Mam wrażenie, że to co Cię boli to praca nad tym by dostać się w wymarzone miejsce. Nauka w Polsce od lat tak wygląda, że szkoła średnia zaśmieca Ci głowę. Ty akurat wybrałeś technikum i masz dzięki temu już coś w ręku zaraz jak ją skończysz. Psychologia Ci nie ucieknie i tak ten etap musisz przejść.
A myślisz, że na studiach nie będziesz musiał czytać idiotycznych książek, z którymi się nie zgadzasz?

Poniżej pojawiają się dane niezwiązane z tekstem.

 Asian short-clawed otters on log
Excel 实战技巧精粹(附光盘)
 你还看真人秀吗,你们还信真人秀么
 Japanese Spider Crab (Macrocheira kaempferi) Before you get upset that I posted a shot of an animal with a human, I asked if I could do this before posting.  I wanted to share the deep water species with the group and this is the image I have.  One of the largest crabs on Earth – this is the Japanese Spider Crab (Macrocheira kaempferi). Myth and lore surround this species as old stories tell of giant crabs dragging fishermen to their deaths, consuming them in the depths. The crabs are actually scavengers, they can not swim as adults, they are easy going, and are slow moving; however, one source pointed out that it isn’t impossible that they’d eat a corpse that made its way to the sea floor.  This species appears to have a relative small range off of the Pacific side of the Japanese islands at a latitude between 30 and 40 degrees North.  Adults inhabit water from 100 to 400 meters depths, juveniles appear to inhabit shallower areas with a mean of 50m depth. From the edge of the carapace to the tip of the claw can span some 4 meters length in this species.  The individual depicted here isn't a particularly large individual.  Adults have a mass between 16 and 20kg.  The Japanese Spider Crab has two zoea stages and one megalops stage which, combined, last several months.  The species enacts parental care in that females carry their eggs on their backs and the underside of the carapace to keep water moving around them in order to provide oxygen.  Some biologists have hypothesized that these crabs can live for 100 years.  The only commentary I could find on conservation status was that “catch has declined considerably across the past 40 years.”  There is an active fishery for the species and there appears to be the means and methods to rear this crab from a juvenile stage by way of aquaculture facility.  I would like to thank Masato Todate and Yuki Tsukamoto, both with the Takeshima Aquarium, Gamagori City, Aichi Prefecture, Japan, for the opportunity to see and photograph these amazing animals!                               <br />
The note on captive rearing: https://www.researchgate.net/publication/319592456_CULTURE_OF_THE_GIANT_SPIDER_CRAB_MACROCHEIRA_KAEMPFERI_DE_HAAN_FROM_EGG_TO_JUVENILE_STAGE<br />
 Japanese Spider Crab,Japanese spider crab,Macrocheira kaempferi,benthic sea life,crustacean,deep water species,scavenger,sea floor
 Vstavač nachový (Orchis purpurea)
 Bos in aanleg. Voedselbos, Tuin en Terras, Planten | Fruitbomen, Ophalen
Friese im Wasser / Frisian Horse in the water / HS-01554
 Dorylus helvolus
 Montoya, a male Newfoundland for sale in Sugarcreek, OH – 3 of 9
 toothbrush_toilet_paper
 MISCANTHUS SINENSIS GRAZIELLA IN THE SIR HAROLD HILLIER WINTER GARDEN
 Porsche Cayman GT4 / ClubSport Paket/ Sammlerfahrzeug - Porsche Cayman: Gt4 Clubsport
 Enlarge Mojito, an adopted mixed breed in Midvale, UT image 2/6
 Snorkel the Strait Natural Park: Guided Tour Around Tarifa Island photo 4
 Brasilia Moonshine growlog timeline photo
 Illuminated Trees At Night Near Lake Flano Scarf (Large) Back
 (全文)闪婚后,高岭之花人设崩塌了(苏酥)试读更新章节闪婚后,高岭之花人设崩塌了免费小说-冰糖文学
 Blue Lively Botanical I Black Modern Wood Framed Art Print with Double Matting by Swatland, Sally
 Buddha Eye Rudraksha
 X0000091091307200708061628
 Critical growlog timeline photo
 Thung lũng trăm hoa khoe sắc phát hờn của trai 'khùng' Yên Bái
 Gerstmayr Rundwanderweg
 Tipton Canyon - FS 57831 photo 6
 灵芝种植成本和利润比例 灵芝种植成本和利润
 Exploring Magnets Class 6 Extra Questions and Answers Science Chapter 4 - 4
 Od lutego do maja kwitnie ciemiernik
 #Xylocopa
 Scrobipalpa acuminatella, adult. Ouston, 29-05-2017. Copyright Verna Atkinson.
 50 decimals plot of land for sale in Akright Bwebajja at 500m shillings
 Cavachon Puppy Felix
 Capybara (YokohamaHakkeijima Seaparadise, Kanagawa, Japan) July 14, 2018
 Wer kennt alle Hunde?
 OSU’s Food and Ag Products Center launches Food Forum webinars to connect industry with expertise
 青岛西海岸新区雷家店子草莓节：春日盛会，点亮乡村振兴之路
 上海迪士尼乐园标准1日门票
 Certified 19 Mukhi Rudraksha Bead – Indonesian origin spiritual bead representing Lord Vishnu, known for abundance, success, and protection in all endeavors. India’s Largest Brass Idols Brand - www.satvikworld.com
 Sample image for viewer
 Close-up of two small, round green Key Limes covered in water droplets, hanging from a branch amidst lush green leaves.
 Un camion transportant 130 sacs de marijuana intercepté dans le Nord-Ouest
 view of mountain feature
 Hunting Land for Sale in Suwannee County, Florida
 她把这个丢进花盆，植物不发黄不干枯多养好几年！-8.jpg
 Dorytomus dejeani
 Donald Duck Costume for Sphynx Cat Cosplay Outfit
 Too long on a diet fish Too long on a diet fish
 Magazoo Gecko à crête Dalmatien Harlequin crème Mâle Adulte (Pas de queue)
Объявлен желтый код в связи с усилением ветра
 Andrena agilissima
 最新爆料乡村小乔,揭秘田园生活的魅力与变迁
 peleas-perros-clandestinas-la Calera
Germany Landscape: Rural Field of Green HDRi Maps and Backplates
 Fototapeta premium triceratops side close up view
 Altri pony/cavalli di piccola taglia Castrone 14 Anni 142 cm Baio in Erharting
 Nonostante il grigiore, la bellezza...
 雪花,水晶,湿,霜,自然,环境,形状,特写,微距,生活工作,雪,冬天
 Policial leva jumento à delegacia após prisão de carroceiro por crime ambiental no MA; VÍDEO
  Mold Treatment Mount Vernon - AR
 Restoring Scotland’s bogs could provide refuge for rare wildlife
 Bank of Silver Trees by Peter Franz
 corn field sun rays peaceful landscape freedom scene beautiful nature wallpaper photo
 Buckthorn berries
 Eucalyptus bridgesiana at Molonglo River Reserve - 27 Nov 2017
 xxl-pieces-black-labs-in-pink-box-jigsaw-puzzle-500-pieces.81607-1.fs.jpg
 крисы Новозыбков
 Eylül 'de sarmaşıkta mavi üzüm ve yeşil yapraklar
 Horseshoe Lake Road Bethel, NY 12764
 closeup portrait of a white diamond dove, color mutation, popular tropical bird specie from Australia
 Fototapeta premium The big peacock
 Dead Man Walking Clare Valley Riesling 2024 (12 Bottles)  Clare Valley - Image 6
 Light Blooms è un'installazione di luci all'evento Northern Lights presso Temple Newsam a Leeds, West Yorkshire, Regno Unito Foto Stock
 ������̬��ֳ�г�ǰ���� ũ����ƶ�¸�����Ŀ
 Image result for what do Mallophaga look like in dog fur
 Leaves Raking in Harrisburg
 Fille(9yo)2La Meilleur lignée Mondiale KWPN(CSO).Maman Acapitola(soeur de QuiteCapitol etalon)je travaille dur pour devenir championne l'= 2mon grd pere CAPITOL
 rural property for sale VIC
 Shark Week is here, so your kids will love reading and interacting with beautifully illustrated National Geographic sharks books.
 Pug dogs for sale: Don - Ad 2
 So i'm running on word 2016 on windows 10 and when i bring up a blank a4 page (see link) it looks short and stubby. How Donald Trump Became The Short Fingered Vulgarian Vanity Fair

Słuchać idiotycznych wykładowców którzy gówno wiedzą? Psychologia jest bardzo obszerna i wymaga naprawdę wielu godzin intensywnej nauki - dlatego ja nie poszłam na spychologię jestem leniwą bułą heheh
Wściekanie się i obarczanie winą nauczycieli jest właśnie niedojrzałe i widać nie w tym tkwi problem.
Masz uczucie niesprawiedliwości i niezrozumienia bo świat nie jest taki jaki powinien wg. Ciebie być. I wiesz co? Nie będzie.
To nie kwestia Polski,ustroju czy ludzi którzy tu są - to kwestia tego, że świat nie jest sprawiedliwy czy logiczny bez względu na to w jakim jesteś wieku. Dużo rzeczy będzie bez sensu...
Uciekanie przed tym nic nie pomoże. Zmiana szkoły? tam będą też durni nauczyciele...
Zmiana klasy? Co to zmieni?
Trzeba się z tym mierzyć ale na swoje siły na tyle ile możemy a nie chcą od nas inni. Trzeba mierzyć siły na zamiary.